The tacos ($2.50) showered with cilantro and diced onion are fine; the tacos mexicocina ($3.50), served on handmade tortillas, are even better. Their addition of quesillo cheese and chipotle peppers will clash with your al pastor, but not with the well-done cecina and carnitas. The cemitas ($8) are appropriately massive, and the picaditas ($7)—simple with just salsa and crema—carry a scarlet sauce that pricks even the most calloused palate.
Served in beautiful terracotta bowls, the dozen or so daily specials are exceptional, like the Albondigas en caldillo ($12), delicious coarsely ground meatballs concealing golden egg yolks at their centers, like an ascetic Scotch-eggs without the breading. A small pile of them sit in a chicken-rich broth, with chunks of tender potato and floating bay leaves. This is the type of home-style cooking glorified by upscale Mexican restaurants around the city and rarely seen outside of the home, the kind of dishes you scan menus for at local taquerias, hoping the cooks have taken the time to make them.
The enchiladas de borrego ($10) are thickish, coarse tortillas wrapped around pieces of lamb and coated in a chili rub that amplifies their woodsy flavor.
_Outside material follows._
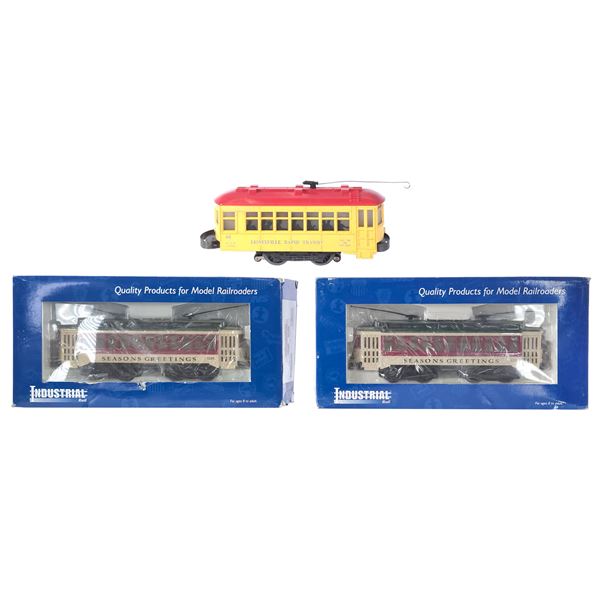 (3) Assorted Industrial 027 Scale Trolley Cars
Moistened with a tomato and tomatillo sauce, with rings of crisp white onion and bands of crema, it's a dish that would impress Diana Kennedy.
So would the costillas en salsa verde, ($12), a plate of tiny pork ribs stewed in a green salsa, a minimalist plate that belies its miles of flavor. The sauce is made from tomatillos, garlic, and chiles, their green sweetness coaxed to the forefront, while their heat, contained in the great avocado salsa, in a bowl to the side.